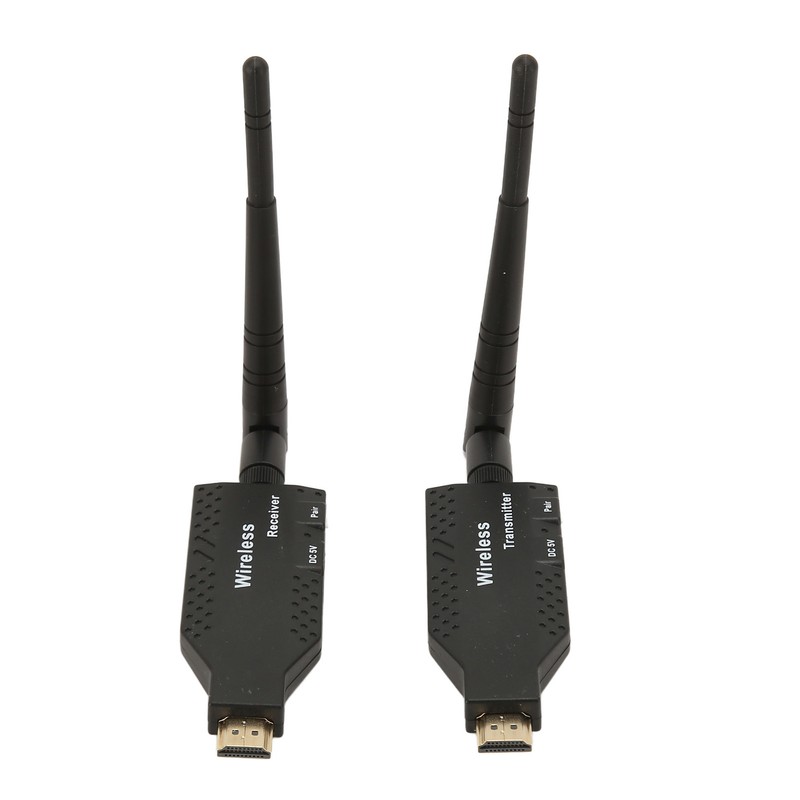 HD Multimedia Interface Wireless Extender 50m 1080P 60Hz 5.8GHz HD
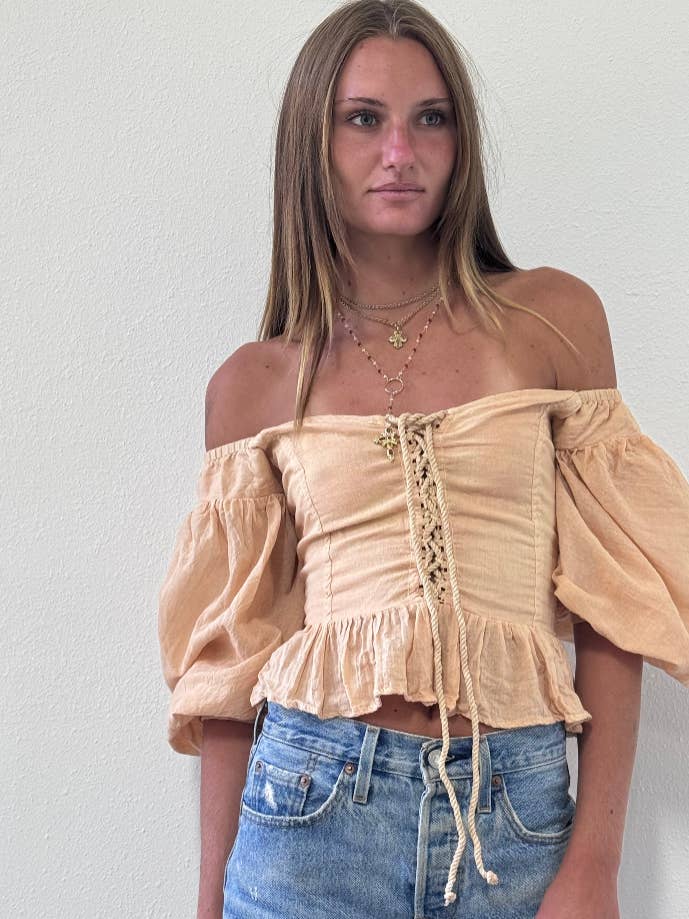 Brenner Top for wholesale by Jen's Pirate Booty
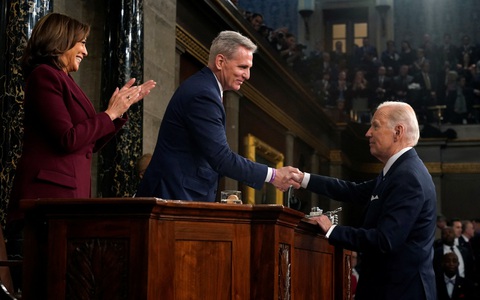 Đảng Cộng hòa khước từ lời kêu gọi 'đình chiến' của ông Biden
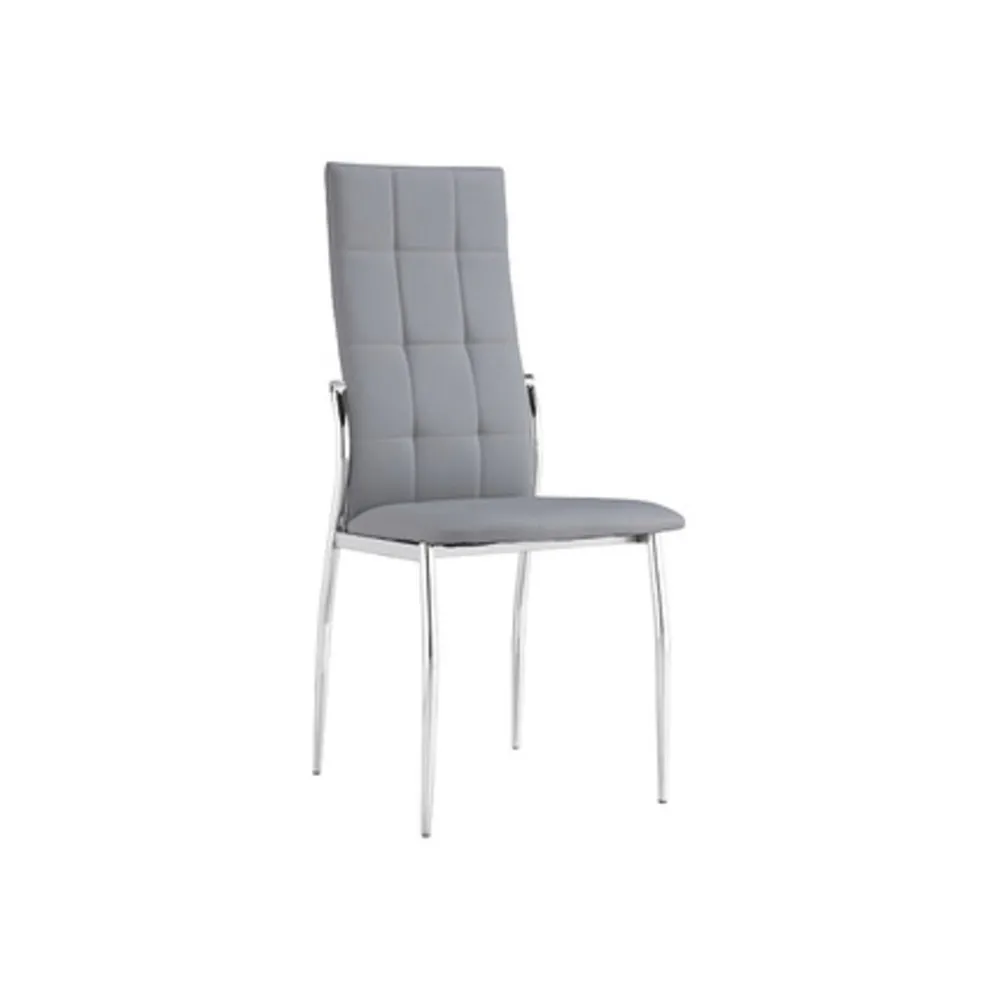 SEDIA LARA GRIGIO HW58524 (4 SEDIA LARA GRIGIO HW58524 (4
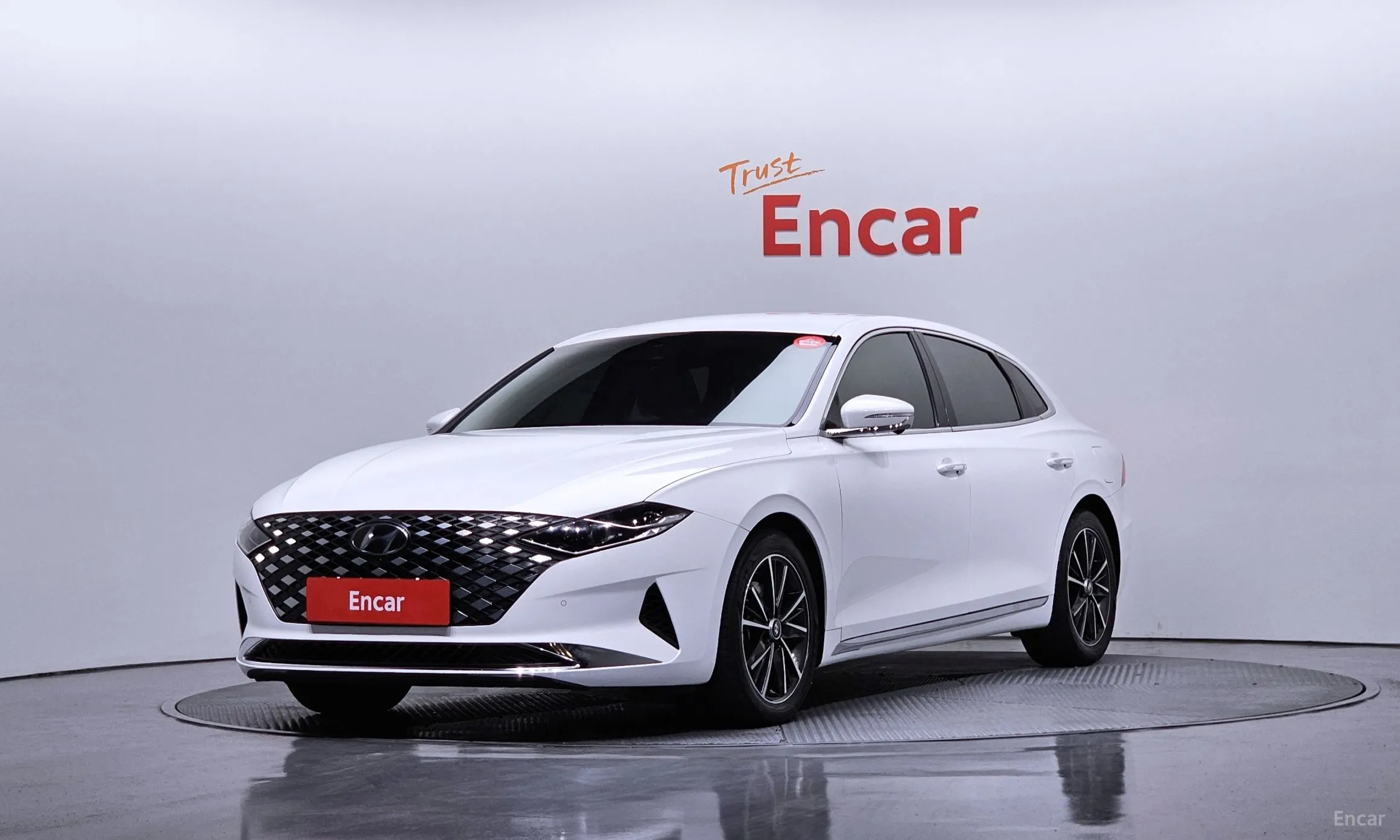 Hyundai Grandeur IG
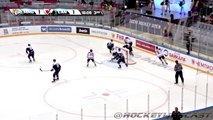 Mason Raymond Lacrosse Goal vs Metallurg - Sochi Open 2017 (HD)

→ **Problem description**
Repeat each line of the listing word for word, from the first through the line that contains "Hyundai Grandeur IG". Any picture stays out.

→ **Written answer**
 HD Multimedia Interface Wireless Extender 50m 1080P 60Hz 5.8GHz HD
 Brenner Top for wholesale by Jen's Pirate Booty
 Đảng Cộng hòa khước từ lời kêu gọi 'đình chiến' của ông Biden
 SEDIA LARA GRIGIO HW58524 (4 SEDIA LARA GRIGIO HW58524 (4
 Hyundai Grandeur IG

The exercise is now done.